### Activity
Copy exactly, and only, the lines from the one containing "BRAND NEW! Champion" through the last line of the records below.

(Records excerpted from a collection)
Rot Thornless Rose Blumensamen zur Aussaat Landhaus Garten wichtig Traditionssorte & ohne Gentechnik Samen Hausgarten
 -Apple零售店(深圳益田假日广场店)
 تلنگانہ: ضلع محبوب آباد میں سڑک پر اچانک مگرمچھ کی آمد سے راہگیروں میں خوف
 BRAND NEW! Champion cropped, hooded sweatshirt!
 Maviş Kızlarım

### Solution to the problem
 BRAND NEW! Champion cropped, hooded sweatshirt!
 Maviş Kızlarım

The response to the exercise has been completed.